O nome Monobordado, no entanto, não vem daí. As obsessões é que são sempre as mesmas – palavras deles, dos dois: o amor, a nova família argentina, as memórias de viagens, o jeito irreverente e divertido. São autorretratos de ambos, em diferentes momentos e situações: disfarçados de índios guaranis, de samurais japoneses, de bombeiros musculosos com torsos nus, mesclados com referências de outros artistas e feitos com pontos super complexos.

Daniel (loiro, olhos azuis) aprendeu a bordar quando criança, num colégio de freiras, na província de Córdoba, e mais tarde ensinou a Leo. Ambos vêm de uma tradição pictórica e decidiram deixar óleo e o acrílico pelos fios, que utilizam quase como pigmentos, criando luzes e sombras e dando a sensaçãod e volume. Vistos de longe, é difícil detectar a técnica usada em seus trabalhos.

“Ao usar técnicas reservadas até então ao gênero feminino e, em alguns casos, ao mundo infantil, resgatamos o artesanal, o ofício, e celebramos o fato de os homens também poderem ingressar nesse universo com alegria”. Vai lá: chiachiogiannone.com, a exposição fica estão até 9 de junho na Galeria Pasaje (Bartolomeu Mitre, 1559 - Buenos Aires).
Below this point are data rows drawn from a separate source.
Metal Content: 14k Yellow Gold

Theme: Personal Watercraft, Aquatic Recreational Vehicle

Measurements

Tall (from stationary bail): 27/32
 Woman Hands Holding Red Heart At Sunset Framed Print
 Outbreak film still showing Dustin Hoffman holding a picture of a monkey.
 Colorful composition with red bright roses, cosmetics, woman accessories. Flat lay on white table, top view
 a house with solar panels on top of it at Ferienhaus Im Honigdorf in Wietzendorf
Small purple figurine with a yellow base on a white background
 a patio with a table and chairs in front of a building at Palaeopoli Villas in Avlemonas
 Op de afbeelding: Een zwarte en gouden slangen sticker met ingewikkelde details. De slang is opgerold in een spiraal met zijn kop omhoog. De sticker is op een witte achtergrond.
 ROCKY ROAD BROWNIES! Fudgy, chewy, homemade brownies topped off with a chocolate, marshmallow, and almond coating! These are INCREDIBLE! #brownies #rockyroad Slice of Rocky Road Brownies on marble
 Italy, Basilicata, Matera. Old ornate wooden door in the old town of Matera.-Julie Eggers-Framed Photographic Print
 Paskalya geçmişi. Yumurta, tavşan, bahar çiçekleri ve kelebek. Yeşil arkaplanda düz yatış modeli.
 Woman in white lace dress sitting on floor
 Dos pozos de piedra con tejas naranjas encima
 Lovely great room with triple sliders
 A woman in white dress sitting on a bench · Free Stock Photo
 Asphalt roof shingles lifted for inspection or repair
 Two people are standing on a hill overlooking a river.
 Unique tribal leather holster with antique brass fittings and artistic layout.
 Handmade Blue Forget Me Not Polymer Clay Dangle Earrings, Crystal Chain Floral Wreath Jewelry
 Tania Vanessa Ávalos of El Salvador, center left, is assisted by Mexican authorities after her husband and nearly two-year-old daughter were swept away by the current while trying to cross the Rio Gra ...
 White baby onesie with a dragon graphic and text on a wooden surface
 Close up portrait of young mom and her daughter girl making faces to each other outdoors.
Também é possível baixar o livro completo: chiachiogiannone.com/Libro/ChiachioGiannone-Monobordado

PELO MUNDO 

David Catá 
Artista espanhol, trabalha o conceito bordado+memoria+tempo ao extremo. Seu próprio corpo se transforma em suporte para “bordados” efêmeros, um diario gráfico íntimo literalmente traçado sobre sua pele e continuamente desmanchado. Suas intervenções com agulha e linha sobre a pele ficam registradas em fotografias e vídeos. As documentações do processo adquirem valor como obras de arte em si. 

José Romussi
Nascido no Chile, José Romussi começou a trabalhar com arte em Nova Iorque, em 2010, e ficou conhecido bordando bailarinas sobre fotos vintage, retiradas de revistas antigas. Foram suas primeiras incursões com as agulhas. Mescla bordado à mão com intervenções à máquina. Recentemente, comecou a bordar outros temas, como caveiras. Expôs obras enormes no metrô de Berlim, onde vive. 

Maurizio Anzeri
Amante e colecionador de retratos fotográficos, este artista italiano selecionou uma série de fotos anônimas, encontradas em mercados de antiguidades, para formarem a base de uma série bordada. São 25 imagens dos anos 30 e 40, intervenidas com bordado tridimensional que, ao final,  formam máscaras de inspiração dadaísta.